Sent. CORTE COSTITUZIONALE, 7.4.2011, n. 115
La Corte rileva, innanzitutto, che l’art. 54, comma quarto t.u.e.l., come novellato nel 2008, pur non riconoscendo alle ordinanze sindacali di ordinaria amministrazione alcuna potestà di derogare a norme legislative o regolamentari vigenti, conferisce una discrezionalità praticamente senza alcun limite, se non quello finalistico genericamente identificato dal legislatore nell’esigenza di prevenire e di eliminare gravi pericoli che minacciano l’incolumità pubblica e la sicurezza urbana. Rileva, poi, che indubitabilmente le ordinanze sindacali ex art. 54 incidono per la natura delle loro finalità e per i loro destinatari sulla sfera di libertà dei singoli e delle comunità amministrate.
La Corte ricorda di avere più volte ribadito, nella sua giurisprudenza, l’imprescindibile necessità che in ogni conferimento di poteri amministrativi venga osservato il principio di legalità sostanziale che non consente “l’assoluta indeterminatezza” del potere conferito dalla legge ad una autorità amministrativa e che la Costituzione italiana, ispirata ai principi fondamentali della legalità e della democraticità richiede che nessuna prestazione personale o patrimoniale possa essere imposta se non in base alla legge (art. 23).

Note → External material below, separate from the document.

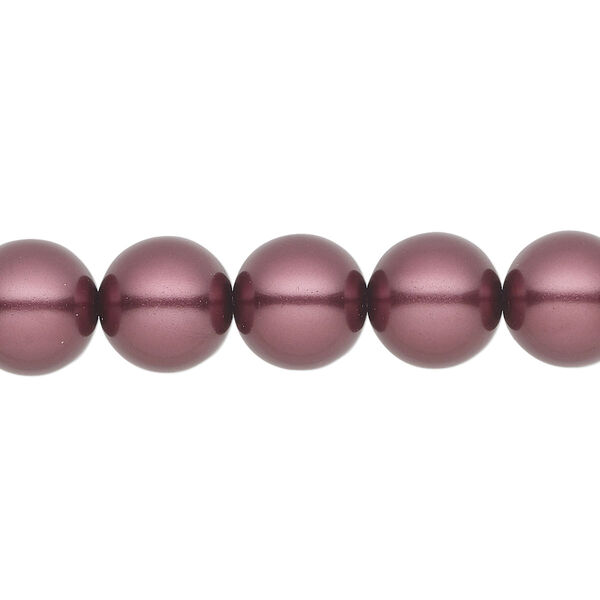 Pearl 10pk light burgundy, Preciosa Czech crystal 10mm round image number 0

Sebbene nella materia in esame sia intervenuto il d.m. 5 agosto 2008 (Incolumità pubblica e sicurezza urbana: definizione e ambiti di applicazione), esso non può assolvere alla funzione di indirizzare l’azione del sindaco, poiché la natura amministrativa del potere del Ministro non può soddisfare la riserva di legge, in quanto si tratta di atto non idoneo a circoscrivere la discrezionalità amministrativa nei rapporti con i cittadini. Pertanto la norma censurata nel prevedere un potere di ordinanza dei sindaci non limitato ai casi contingibili ed urgenti - pur non attribuendo agli stessi il potere di derogare, in via ordinaria e temporalmente non definita, a nome primarie e secondarie vigenti - viola la riserva di legge relativa di cui all’art. 23 Cost., in quanto non prevede una qualunque delimitazione della discrezionalità amministrativa in un ambito, quello della imposizione di comportamenti, che rientra nella generale sfera di liberà dei consociati. Questi ultimi sono tenuti, secondo un principio supremo dello stato di diritto, a sottostare soltanto agli obblighi di fare, di non fare o di dare in via generale dalla legge.
La Corte rileva altresì la violazione dell’art. 97 Cost. che istituisce una riserva di legge allo scopo di assicurare l’imparzialità della pubblica amministrazione; l’osservanza di tale limite deve essere concretamente verificabile in sede di controllo giurisdizionale, per cui l’assenza di limiti, che non siano genericamente finalistici, non consente che l’imparzialità dell’agire amministrativo trovi, in via generale e preventiva, fondamento effettivo ancorché non dettagliato nella legge.
Inoltre l’assenza di una valida base legislativa, riscontrabile nel potere conferito ai sindaci dalla norma censurata, così come incide negativamente sulla garanzia di imparzialità della pubblica amministrazione, a fortiori lede il principio di eguaglianza dei cittadini davanti alla legge, giacché gli stessi comportamenti potrebbero essere ritenuti variamente leciti o illeciti a seconda delle numerose frazioni del territorio nazionale rappresentate dagli ambiti di competenza dei sindaci.